Saturday 3 March 2012

Never in the field of internet conflict was so much impact caused by so few to so many!

By Ian Moyse, Eurocloud UK Board Member and Cloud Industry Forum Governance Board Member

With Christmas fast approaching, (lest we forget the shops have kindly put all the Christmas goods out in September and early October again!) we can expect the online attacks to increase as per their normal schedules. 

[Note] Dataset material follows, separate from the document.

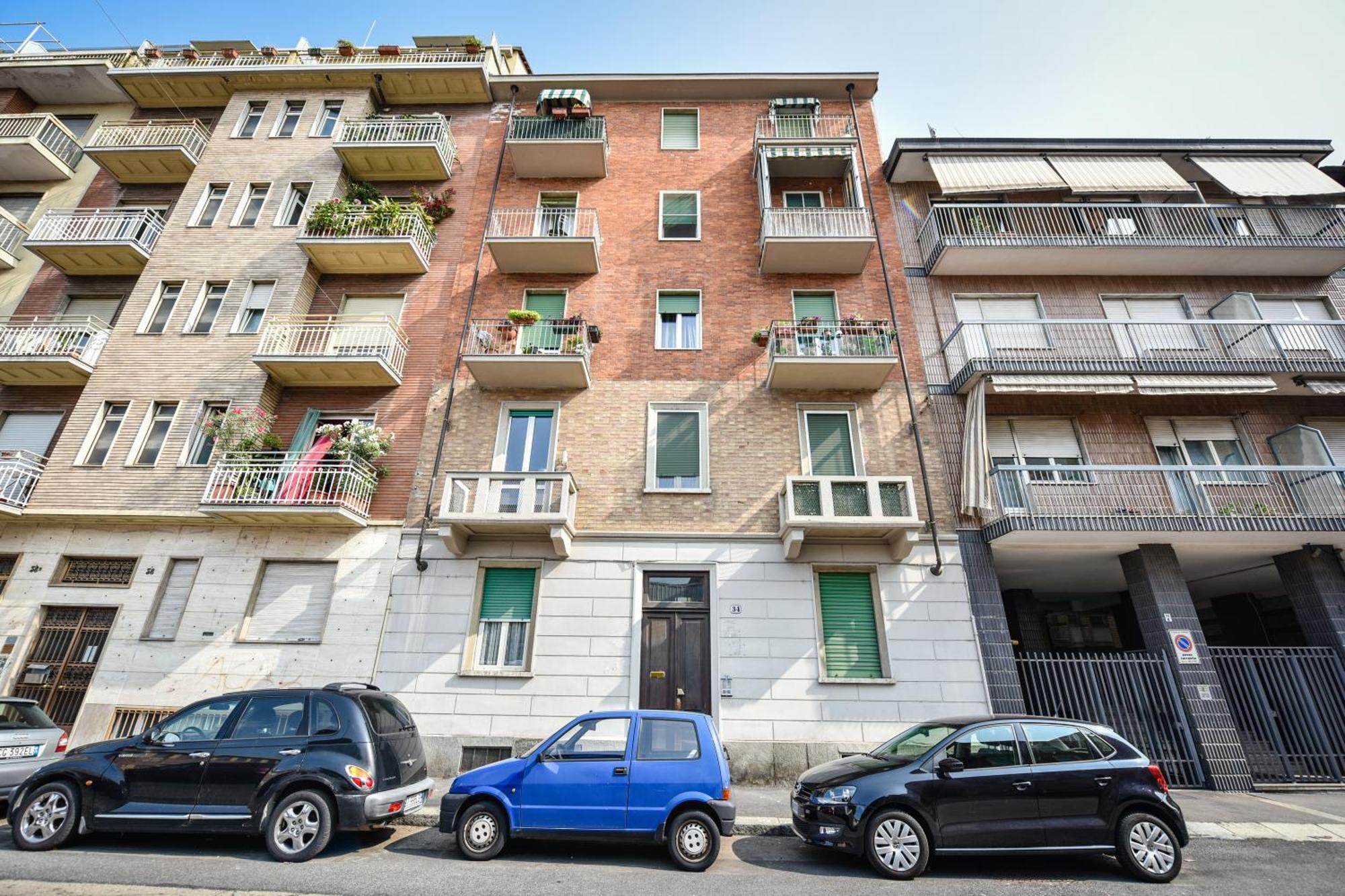Benvenuti Casa Leo - Elegante Appartamento トリノ エクステリア 写真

The internet has given the few the ability to cheaply and easily target the many, like we never saw before.  It fast became the marketers dream and changed the ways of targeted campaigns, we saw the rise of the spammer and now we live with sophisticated social engineering attacks hitting weekly if not daily. While the increases in incidents may indicate more intruders attacking, the reality is the majority of the increase is due to the growth of the Internet and its very nature.  The internet makes us all contactable and to a degree easily identifiable as we leave our electronic fingerprint as we go via social networking sites, sites visited, cookies, blog postings and tracking software we may have installed such as site loggers and search tool bar monitors. 

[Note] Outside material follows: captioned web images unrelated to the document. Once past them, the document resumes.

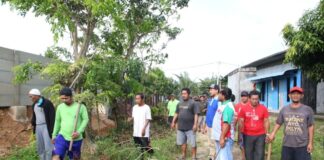 Ketua DPRD Batam Ikut Gotong Royong Bersihkan Saluran Air di Seinayon Bersama Warga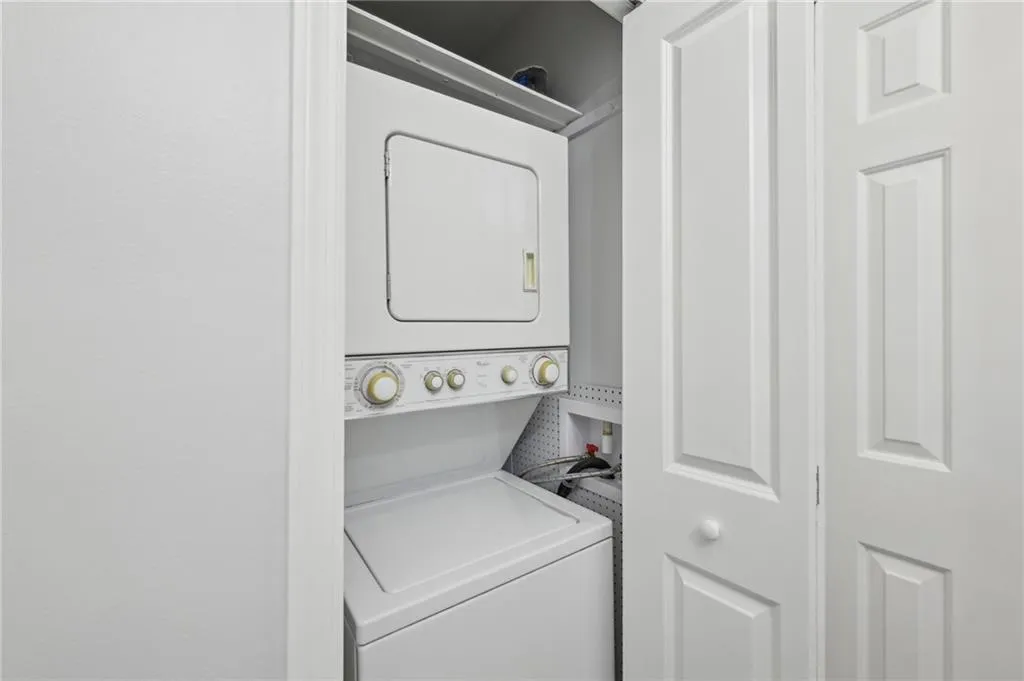 209 14th Street Ne Unit 109, Atlanta, Georgia 30309, 1 Bedroom Bedrooms, ,1 BathroomBathrooms,Residential,For Sale,209 14th Street Ne Unit 109,7586248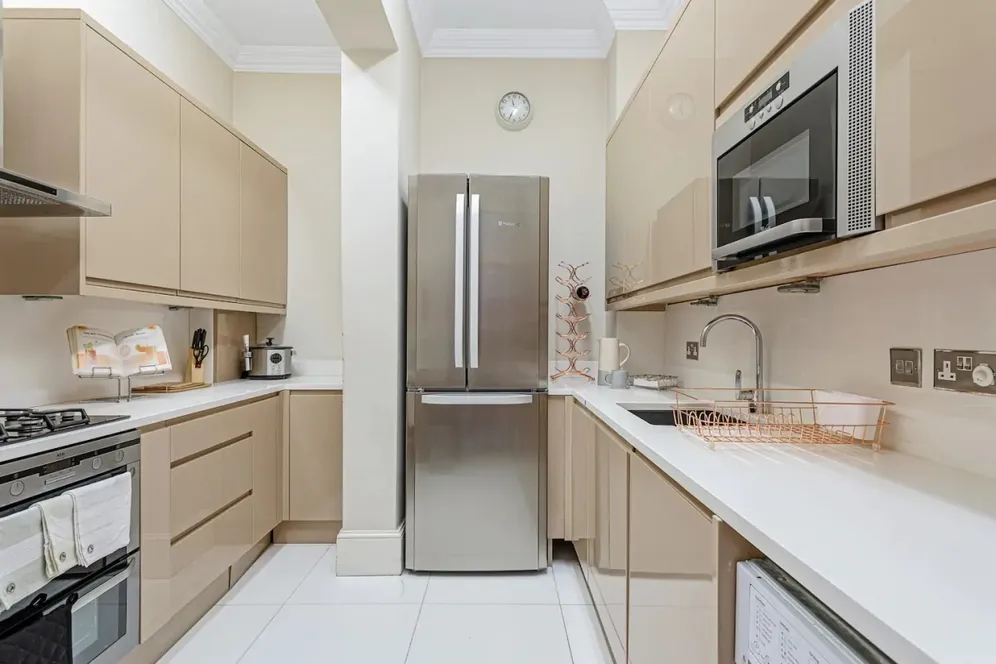 Kensington Court London W8 photo 5
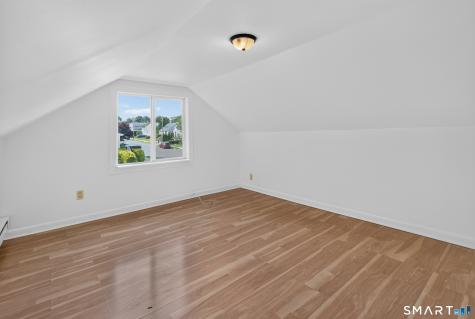 11 Stratfield Place Bridgeport CT 06606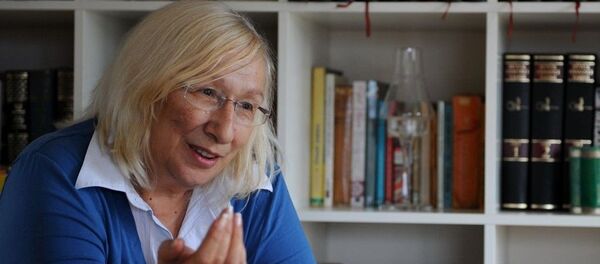 Alev Alatlı - Sputnik Türkiye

Users are more susceptible to the social engineering scam than ever before with the fakes looking like the genuine article, determining a real site from a fake is more and more difficult as its training users to not post too much information about themselves online. The growth in the Web and availability of inexpensive computers has lead to more insecure computers and more sophisticated and empowered hackers probing the Internet. With the web entrenched in our daily lives and social networking sites growing  faster pace than we have ever seen before the ability for someone to connect to vast volumes of people cheaply is upon us. With this great access comes greater threats. An incident nowadays can affect anything from a single computer to a range of host computers at hundreds of thousands of locations in a relatively short space of time. 

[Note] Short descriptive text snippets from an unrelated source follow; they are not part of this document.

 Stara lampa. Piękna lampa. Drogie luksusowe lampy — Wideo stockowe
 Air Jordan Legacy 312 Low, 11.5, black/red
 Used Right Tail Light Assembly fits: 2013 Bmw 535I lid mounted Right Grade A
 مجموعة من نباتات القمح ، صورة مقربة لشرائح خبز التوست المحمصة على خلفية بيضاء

In moving from centralised computing to distributed, the business world has enabled the attacker to follow suit – to disperse and grow their attacks to volumes never envisaged before and to allow one individual to reach out to millions with scams, spyware and exploits. Never before in history has one individual with a lack of resource or funds been so empowered to use knowledge to the detriment of so many so quickly. We now see organized crime bringing together teams of  these “expert” attackers and funding them far past the threat of the lone geek backroom hacker/spammer.  The question is how long before we see a repeat of the growth of volume in spam for example in 2007 over 2006 when there was a 400% year over year growth.  Now we talk of the growth of malware, phishing,  backscatter as well as spam and the impact is in weeks or months rather than years. Is  there a newe type of scaled attack coming, is there a larger spyware spambot already laying dorment waiting for its home beacon to alarm it into action. No one can predict, but we can be sure with them monetry gain being made by these illegal means of attack there is no motivation for them to stop trying.